_Exercise prompt_
Exactly as written, transcribe the data from its opening line through the line containing "1st image of 2013 SE Heathwood Cir". Leave every picture out.

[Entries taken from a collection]
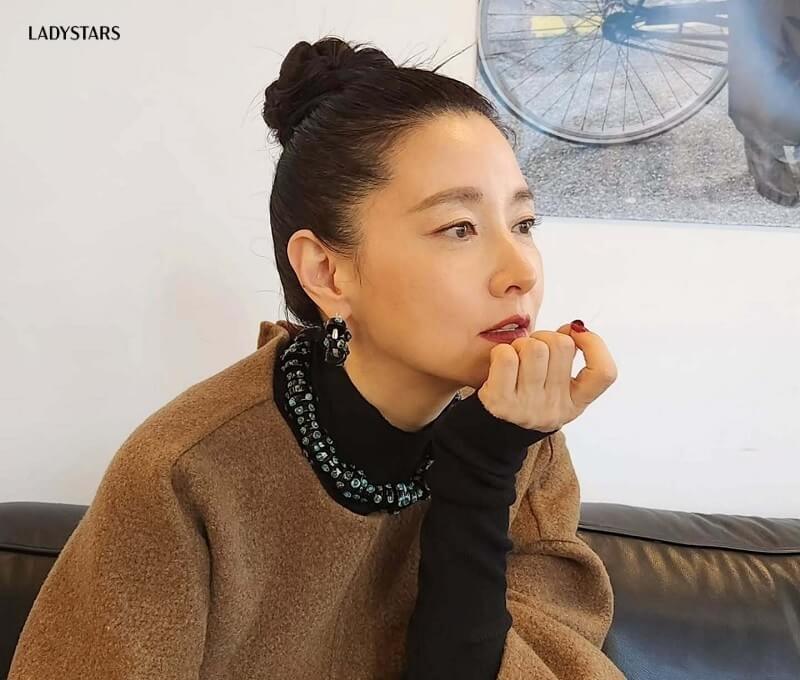 Tóc búi cao sang trọng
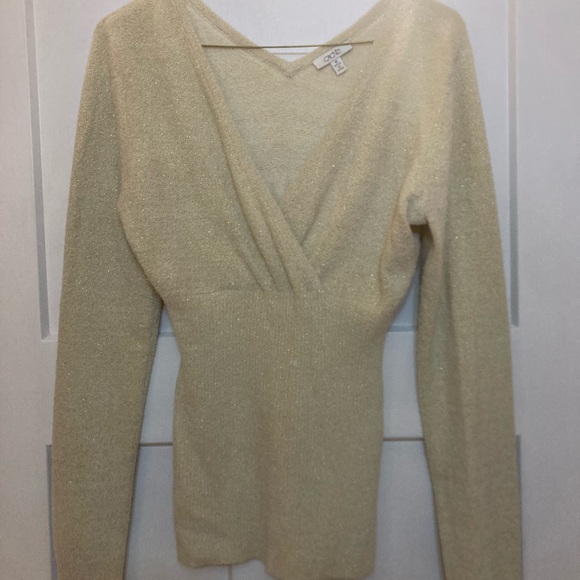 Cache fitted sweater. - Picture 2 of 3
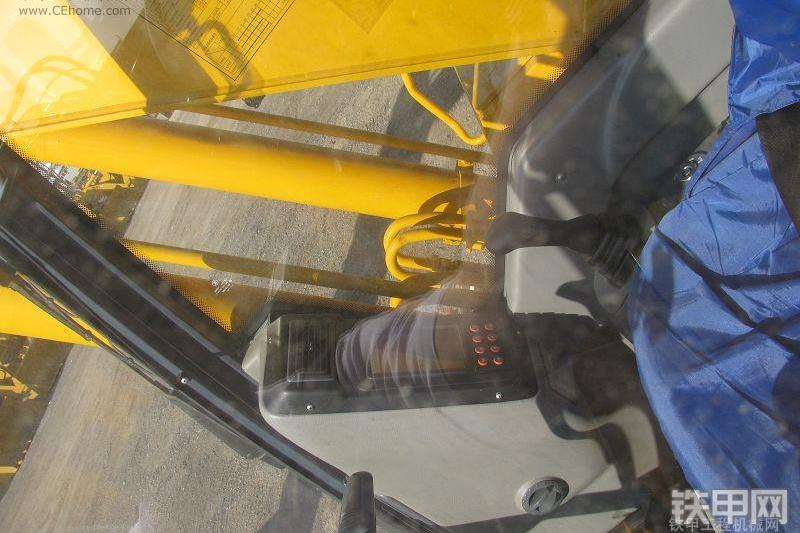 沃得重工W2239-7挖掘机整机外观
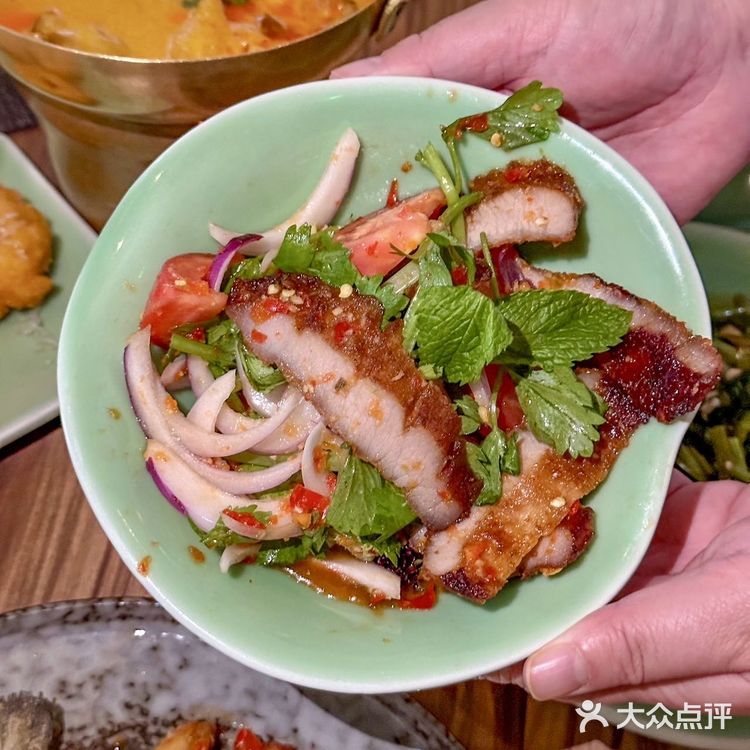 前滩太古里的这家泰国菜，氛围感太顶了 傍晚的前滩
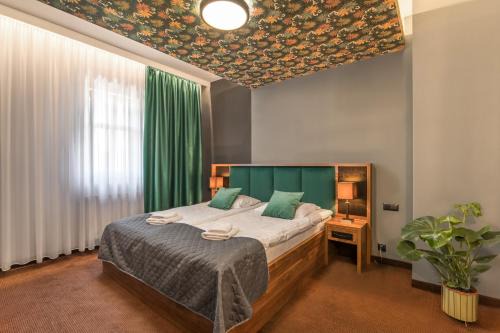 Pszczyna Bed & Breakfast | Brovar 16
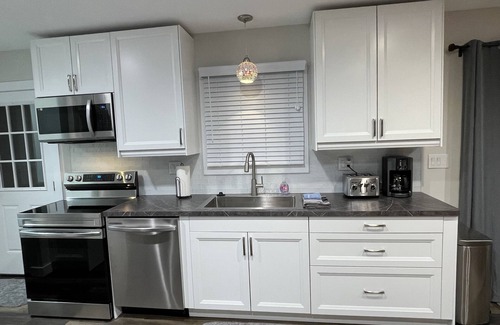 Mentor-on-the-Lake Haus | NEW, Super Comfortable Ranch!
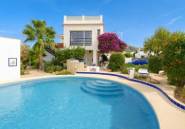 Resale - Villa / Semi semi-detached -
Alfaz del Pi - Albir
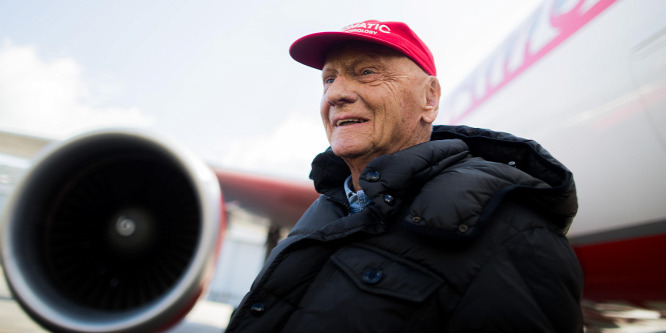 Lauda megint túladott a légitársaságán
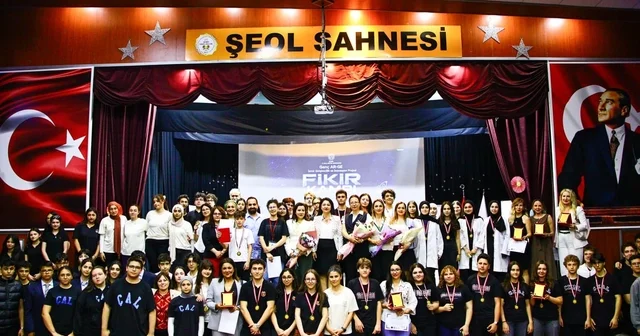 İzmir de genç girişimcilerin inovatif projeleri Fikir Kampı nda ödüllendirildi İzmir Haberleri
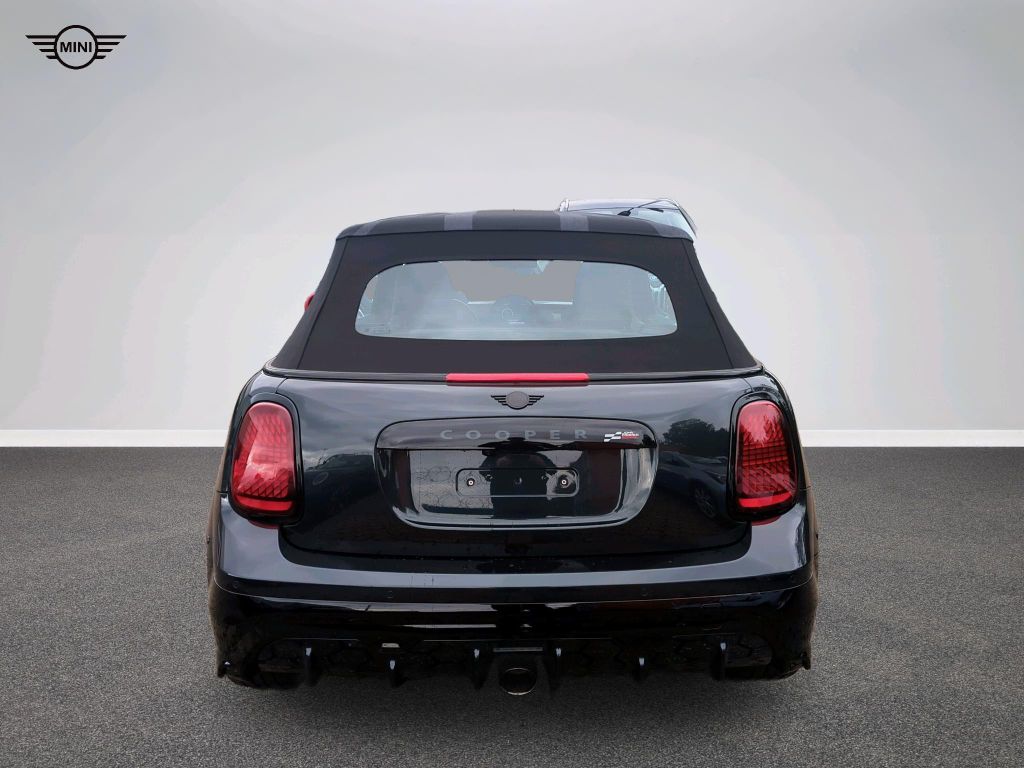 MINI John Cooper Works Cabrio 2024
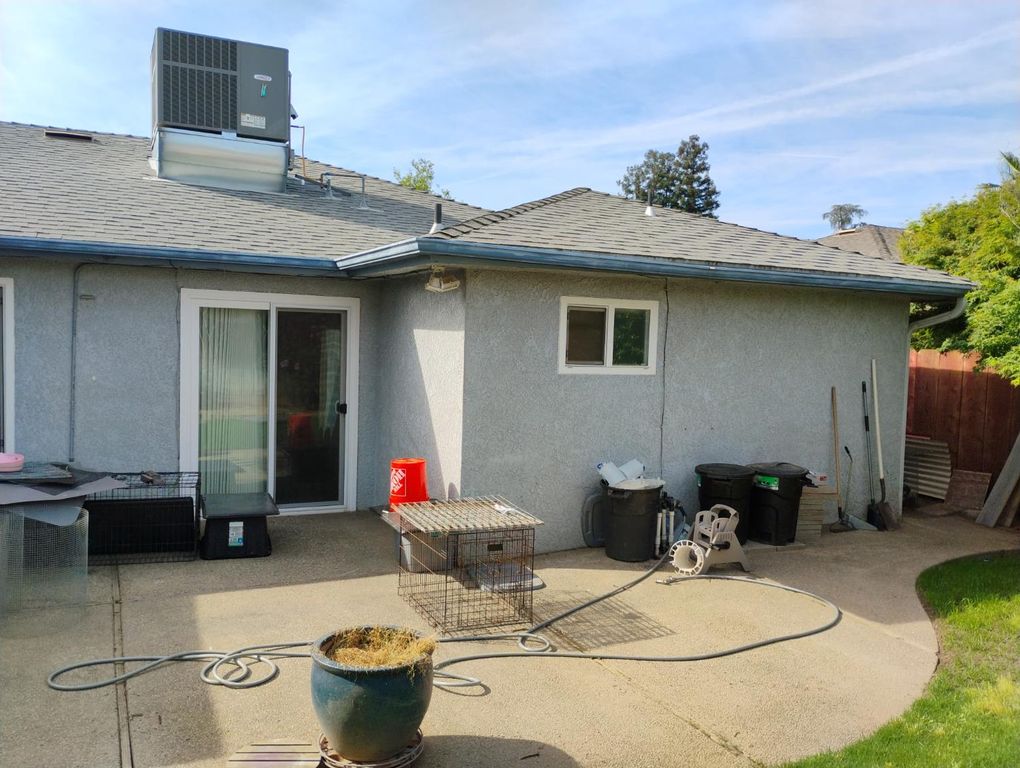 Image 20 of property listing at 976 E Minarets Avenue, Fresno, CA 93720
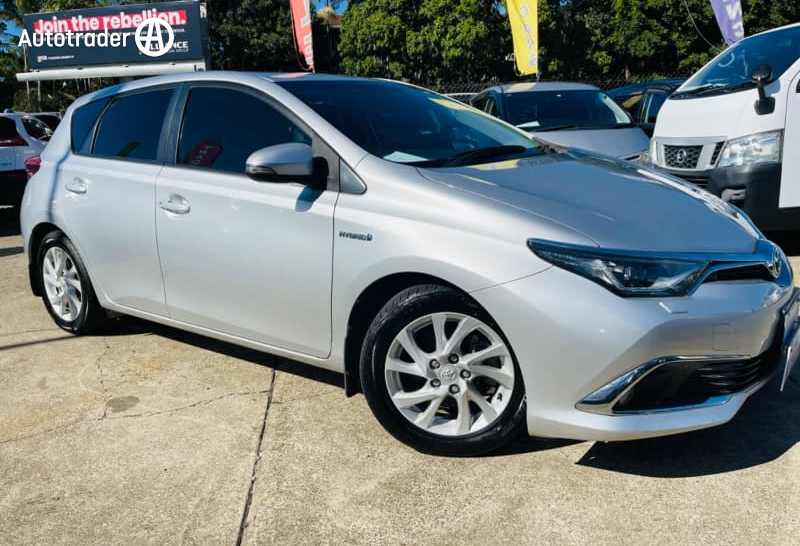 Silver 2016 Toyota Corolla Hatchback Hybrid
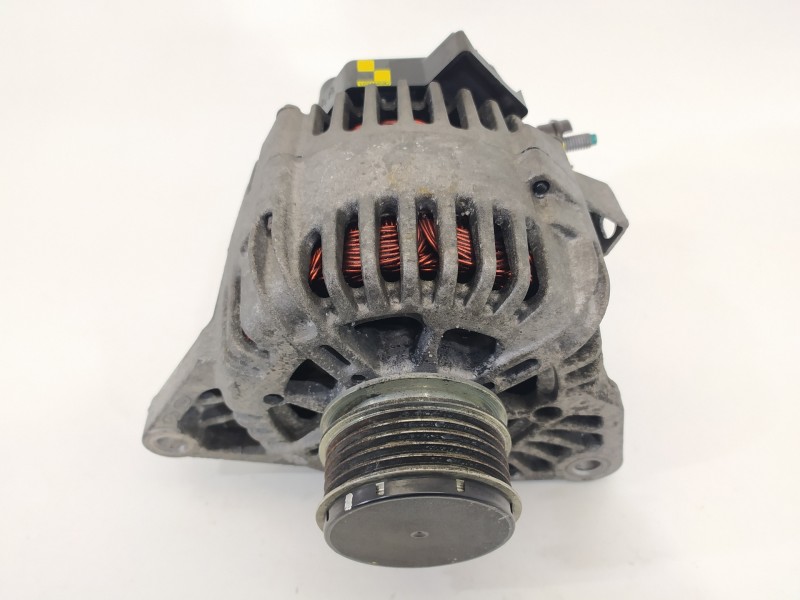 Recambio de alternador para kia rio basic referencia OEM IAM 373002A401 2616010 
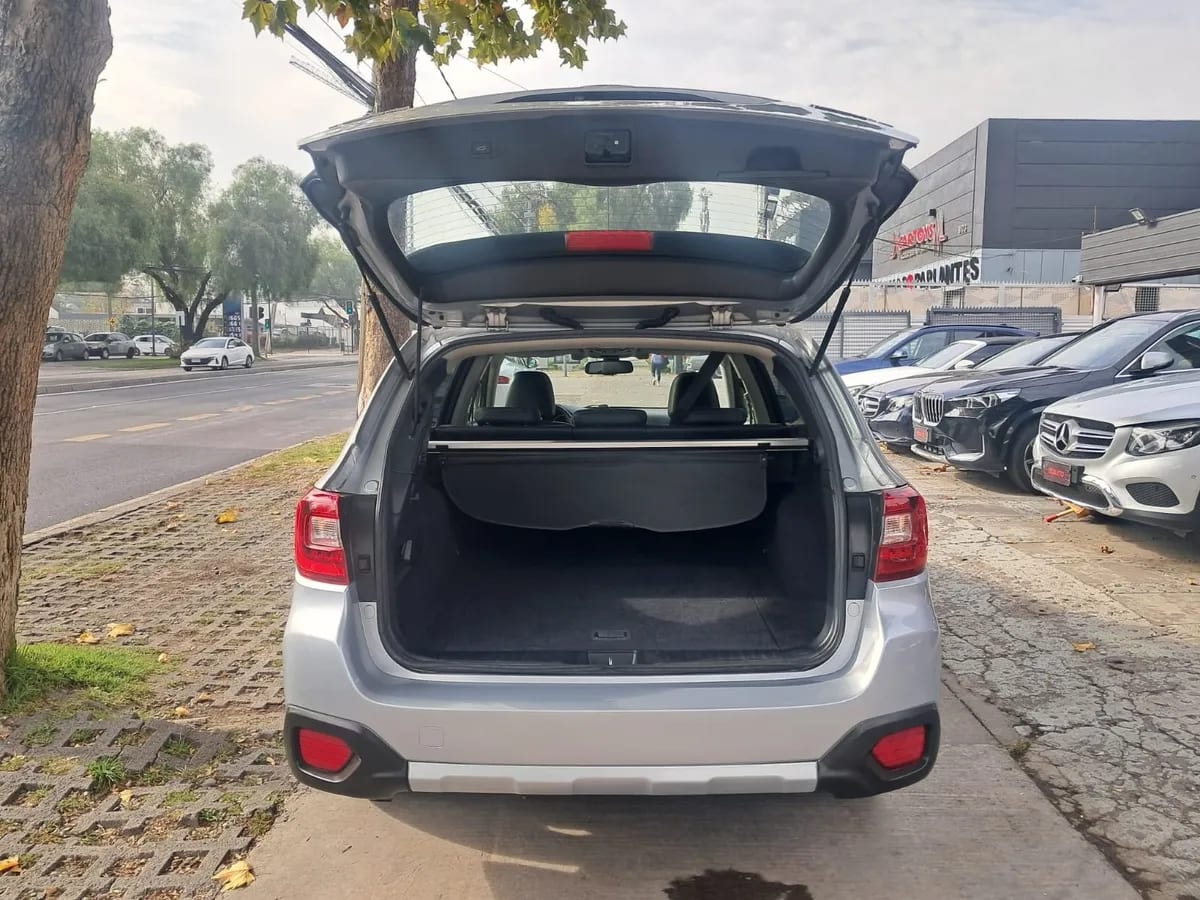 SUBARU OUTBACK 2.5 Limited At 4x4 año 2018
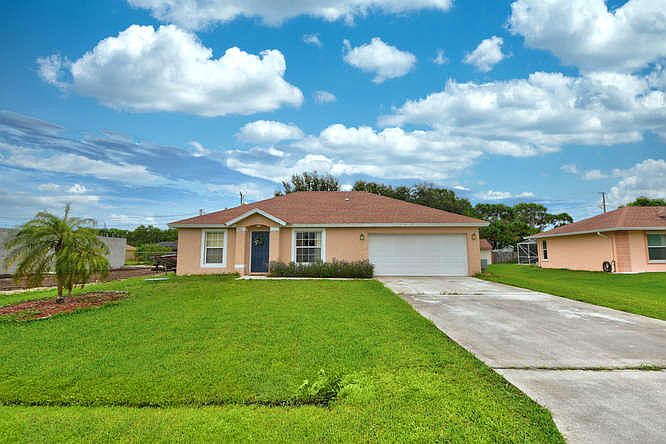 1st image of 2013 SE Heathwood Cir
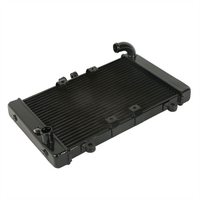Radiador negro de grado automotriz personalizado | Componente de refrigeración duradero para uso pesado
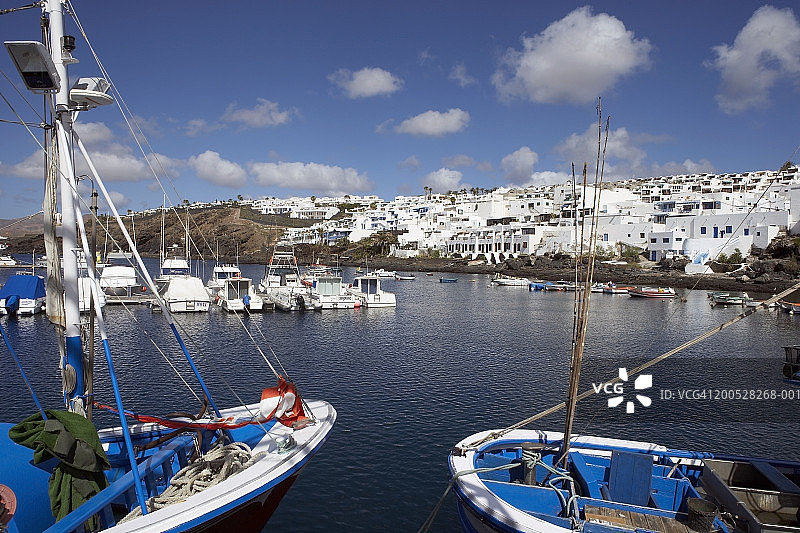 加那利群岛兰萨罗特岛卡门港的港口船只图片素材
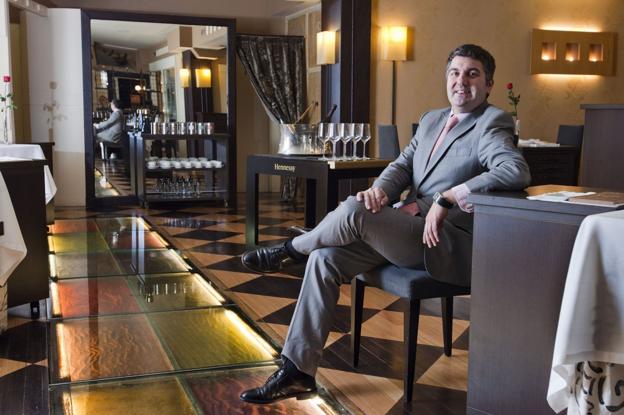 Rafael Prieto, director y sumiller del restaurante. :: roberto ruiz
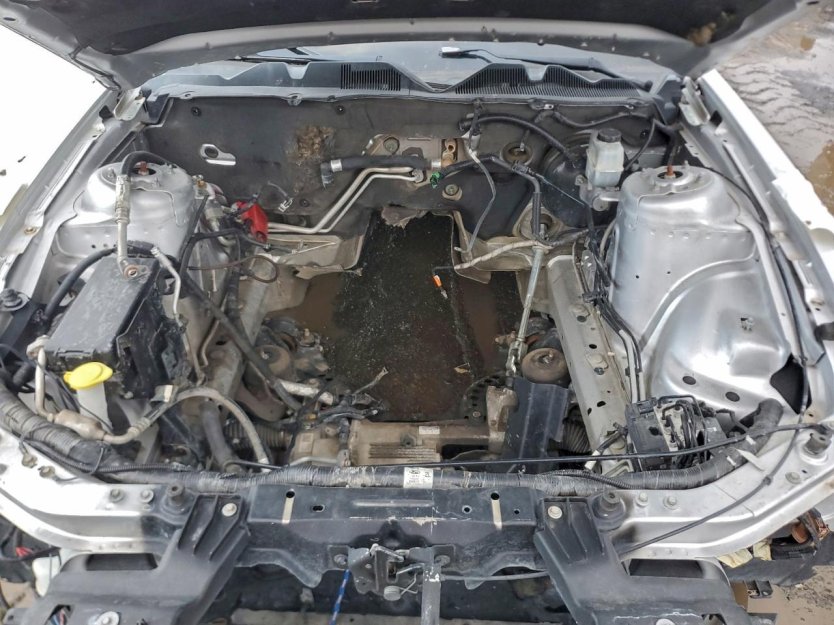 Salvage 2012 Ford Mustang Shelby Gt500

_Solution to the problem_
 Tóc búi cao sang trọng
 Cache fitted sweater. - Picture 2 of 3
 沃得重工W2239-7挖掘机整机外观
 前滩太古里的这家泰国菜，氛围感太顶了 傍晚的前滩
 Pszczyna Bed & Breakfast | Brovar 16
 Mentor-on-the-Lake Haus | NEW, Super Comfortable Ranch!
 Resale - Villa / Semi semi-detached -
Alfaz del Pi - Albir
 Lauda megint túladott a légitársaságán
 İzmir de genç girişimcilerin inovatif projeleri Fikir Kampı nda ödüllendirildi İzmir Haberleri
 MINI John Cooper Works Cabrio 2024
 Image 20 of property listing at 976 E Minarets Avenue, Fresno, CA 93720
 Silver 2016 Toyota Corolla Hatchback Hybrid
 Recambio de alternador para kia rio basic referencia OEM IAM 373002A401 2616010 
 SUBARU OUTBACK 2.5 Limited At 4x4 año 2018
 1st image of 2013 SE Heathwood Cir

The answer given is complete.